Silicon Valley’s office market cooled slightly during the first quarter of 2017. Pre-lease activity in suburban Silicon Valley areas was down, leading to higher vacancy rates. Office vacancy rates increased to 13.3% in Q1 2017, up from 11.5% in Q4 2016, according to a report from the Silicon Valley Institute for Regional Studies in partnership with JLL.

Asking rents decreased to $4.06/SF during last quarter compared to $4.21/SF in Q4 2016, but rents remain higher than the roughly $2.50/SF asking rents in 2010. Demand for large space is down. Tech companies are continuing their growth at a slower pace than 2015-2016. Large space leasing was strong in Silicon Valley and San Francisco with Uber, Slack, Cavium and Accenture taking space of more than 100K SF.

The story is a little different among high-demand transit-oriented sites. Offices near transit reported lower vacancy rates of 8.2% compared to the 10.7% vacancy rate for offices not near transit. Rents for space near transit was $5.04/SF compared to the $3.75/SF not close to transit.

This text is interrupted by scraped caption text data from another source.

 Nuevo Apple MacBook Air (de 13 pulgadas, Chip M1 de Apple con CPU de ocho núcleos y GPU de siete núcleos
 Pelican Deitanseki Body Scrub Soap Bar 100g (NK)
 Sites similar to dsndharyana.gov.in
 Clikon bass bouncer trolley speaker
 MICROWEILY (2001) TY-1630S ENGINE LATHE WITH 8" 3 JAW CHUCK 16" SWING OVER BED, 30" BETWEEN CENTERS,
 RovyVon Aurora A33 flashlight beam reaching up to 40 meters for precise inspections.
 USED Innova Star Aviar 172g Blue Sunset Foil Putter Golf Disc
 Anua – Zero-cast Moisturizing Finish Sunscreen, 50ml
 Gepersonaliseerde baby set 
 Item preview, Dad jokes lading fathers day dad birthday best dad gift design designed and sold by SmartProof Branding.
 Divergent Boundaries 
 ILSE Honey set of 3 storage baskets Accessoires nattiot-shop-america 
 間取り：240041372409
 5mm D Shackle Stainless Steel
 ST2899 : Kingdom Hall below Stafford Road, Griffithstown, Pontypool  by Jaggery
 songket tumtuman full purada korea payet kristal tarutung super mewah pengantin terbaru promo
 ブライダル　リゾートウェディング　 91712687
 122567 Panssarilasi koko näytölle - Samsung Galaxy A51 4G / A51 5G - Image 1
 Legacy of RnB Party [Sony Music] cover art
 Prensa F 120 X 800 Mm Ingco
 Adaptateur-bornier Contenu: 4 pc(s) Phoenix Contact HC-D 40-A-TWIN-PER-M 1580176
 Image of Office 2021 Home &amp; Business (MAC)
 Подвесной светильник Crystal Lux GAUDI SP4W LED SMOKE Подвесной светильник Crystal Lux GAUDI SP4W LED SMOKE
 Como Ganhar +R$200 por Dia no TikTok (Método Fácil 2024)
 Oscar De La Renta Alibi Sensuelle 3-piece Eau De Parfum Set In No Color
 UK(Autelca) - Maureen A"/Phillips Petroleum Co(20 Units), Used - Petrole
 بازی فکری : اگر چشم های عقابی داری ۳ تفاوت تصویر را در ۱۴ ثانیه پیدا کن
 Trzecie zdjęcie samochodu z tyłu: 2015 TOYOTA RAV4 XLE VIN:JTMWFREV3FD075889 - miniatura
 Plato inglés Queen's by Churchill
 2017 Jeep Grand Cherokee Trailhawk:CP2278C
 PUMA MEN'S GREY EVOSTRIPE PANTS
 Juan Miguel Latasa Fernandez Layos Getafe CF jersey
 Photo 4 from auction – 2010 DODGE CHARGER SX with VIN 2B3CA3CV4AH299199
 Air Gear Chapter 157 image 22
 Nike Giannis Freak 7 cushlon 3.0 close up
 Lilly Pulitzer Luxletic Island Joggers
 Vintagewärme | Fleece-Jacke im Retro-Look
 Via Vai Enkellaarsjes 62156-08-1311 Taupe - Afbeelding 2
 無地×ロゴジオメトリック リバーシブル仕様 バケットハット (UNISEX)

Last quarter, 15.5M SF of office was under construction with 46% pre-leased. Tech companies made up 75% of this pre-leased space, or 5.3M SF. Of the seven office projects to deliver last quarter, only two were not fully pre-leased at the time of delivery. Those included Rockwood Capital’s 260K SF development at 237 Moffett Park Drive and Deutsche AWM’s 85K SF Menlo Park development at 80-85 Willow Road.